I could try to point to a silver lining. First, I doubt the Court needs to overrule Turner to reverse the FCC, as Cablevision has decent facts for an arbitrary and capricious challenge. But this Court doesn’t always miss an opportunity to transform the law.

Second, I believed that Turner might have applied to cable operators in providing cable TV services, but not to operators when providing Internet access service. This is because Internet access, like phone service, was historically subject to common carrier rules, removing all “editorial” discretion from Internet access providers, without implicating the First Amendment.

But I am now more skeptical of that silver lining, being reminded of our courts. A few weeks ago, I was involved in a case involving the FCC’s authority to impose a landmark network neutrality order on Comcast, for blocking peer-to-peer transfers. Comcast had not made a First Amendment argument on appeal; in the opinion below, the (then-Republican) FCC had rejected the First Amendment argument in a mere, belittling footnote, explaining how an open Internet obviously promotes the values of the First Amendment for all Americans. Nonetheless, a few minutes into Comcast’s oral argument before the DC Circuit, a judge asked: “cable operators have some First Amendment rights, and I don't see that playing out in this case at all.”

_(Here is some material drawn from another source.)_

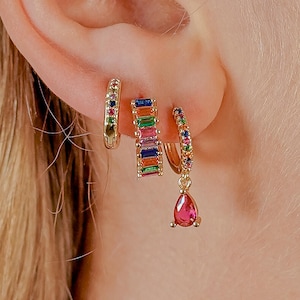 Puede incluir: Juego de pendientes dorados. Un par es un aro pequeño con gemas de colores. Otro tiene forma rectangular con gemas de colores. El tercero es un aro con un colgante de gema rosa en forma de lágrima.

The Cablevision case is likely the first step on this path to "playing out" the First Amendment arguments--for carriers to block or interfere with Internet speech. We’ll see if the Supreme Court uses the Cablevision petition as an opportunity to step towards vindicating the “First Amendment right” of carriers to dominate all our channels of democratic discourse--from the TV of unlimited corporate expenditures to the Internet of unlimited carrier-control.

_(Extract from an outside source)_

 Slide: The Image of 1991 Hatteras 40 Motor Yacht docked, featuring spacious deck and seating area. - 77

As an engineer who has enjoyed a good seat to watch the Internet develop (I was using it when it was ARPANET), I've seen many attempts to turn it from public to private good. The fact that it has managed to avoid that so far is encouraging. But the lesson of history is private interests will keep trying.

The idea that my carrier has a First Amendment right to censor me or those I want to hear would be laughable if it weren't for this history. As it is, it's not so funny. It just might work.